"The rifle is the first weapon you learn how to use, because it lets you keep your distance from the client. The closer you get to being a pro, the closer you can get to the client. The knife, for example, is the last thing you learn."A frase acima foi dita por Léon, interpretado por Jean Reno no muito bom "O Profissional" (Léon - The Professional, EUA 1994). Ele fala isso enquanto ensina uma Natalie Portman no seu primeiro filme de sucesso e nos seus 12 anos de idade interpretando a excelente Mathilda! A cena da aula prática de como ser um sniper é um dos pontos altos do filme. Veja aqui a cena, uma das melhores sequências de sniper do cinema!

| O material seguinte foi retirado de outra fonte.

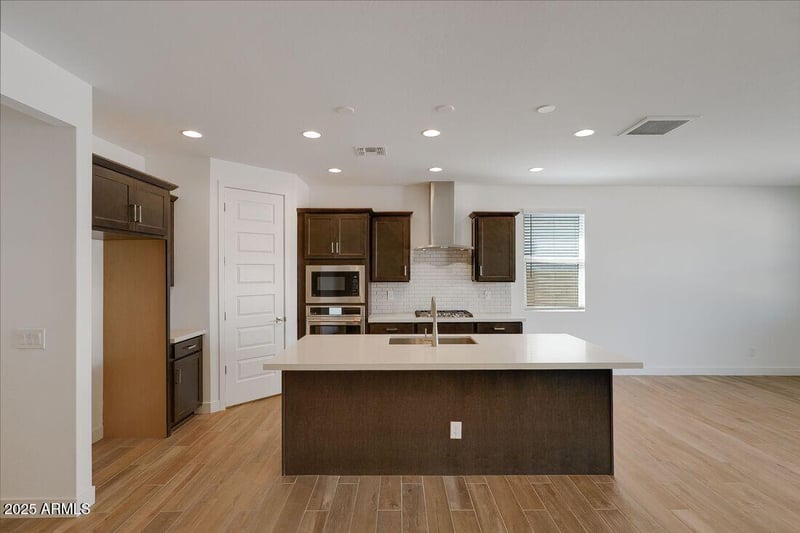 25226 172nd Dr, Surprise, AZ 85387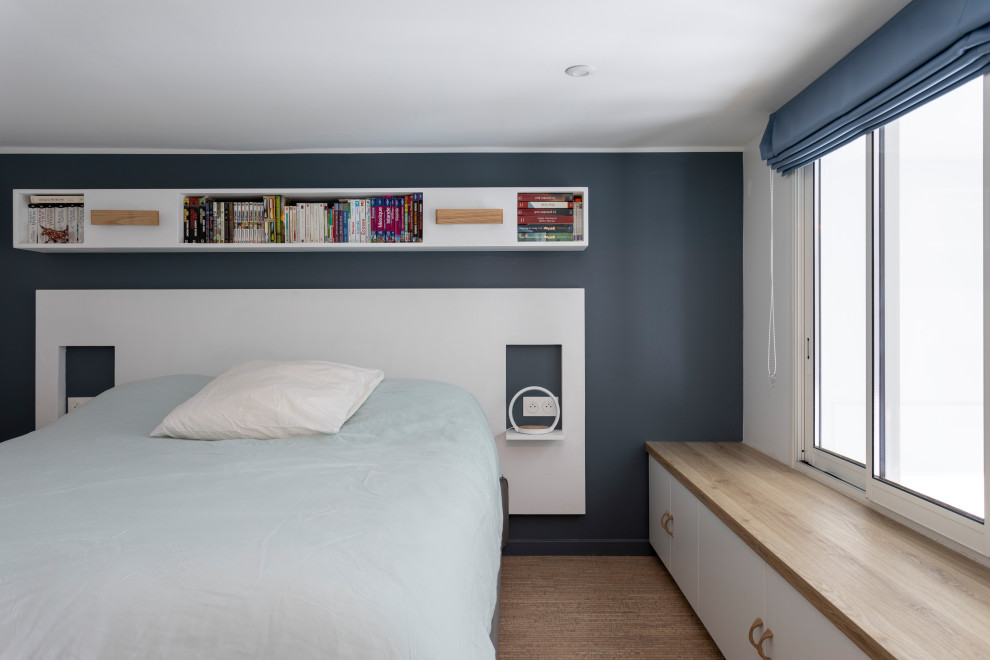 Idée de décoration pour une petite chambre parentale minimaliste avec un mur gris, un sol en liège, aucune cheminée et un sol marron.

E se os piratas que foram manchete recente no mundo inteiro não aprenderam que até uma criança com uma arma certa pode dar tiros precisos, o que eles queriam, então? Pois foi nessa que semanas atrás brinquei de vidente e ganhei. Assim que surgiu a notícia de que uma tripulação americana havia sido sequestrada por piratas somalianos eu comentei aqui em casa que havia sido o grande erro deles até hoje. Sequestrar europeu, tudo bem! Eles gostam de negociar com bandido. Eles são como intelectuais brasileiros, eles gostam de bandido. Já sequestrar americanos foi um abuso fatal! Eu apostei aqui em casa que os EUA fariam uma operação ao estilo John McClane, daquelas que não dialoga com terrorista, atira e mata. Dito e feito! 3 piratas somalianos mortos por um atirador de elite americano. Agora os piratas (que têm até porta-voz!) dizem que vão ser mais duros com os americanos. Azar o deles em insistir no erro achando que são imortais como Jack Sparrow! Eu aconselharia a manter o foco no cliente europeu!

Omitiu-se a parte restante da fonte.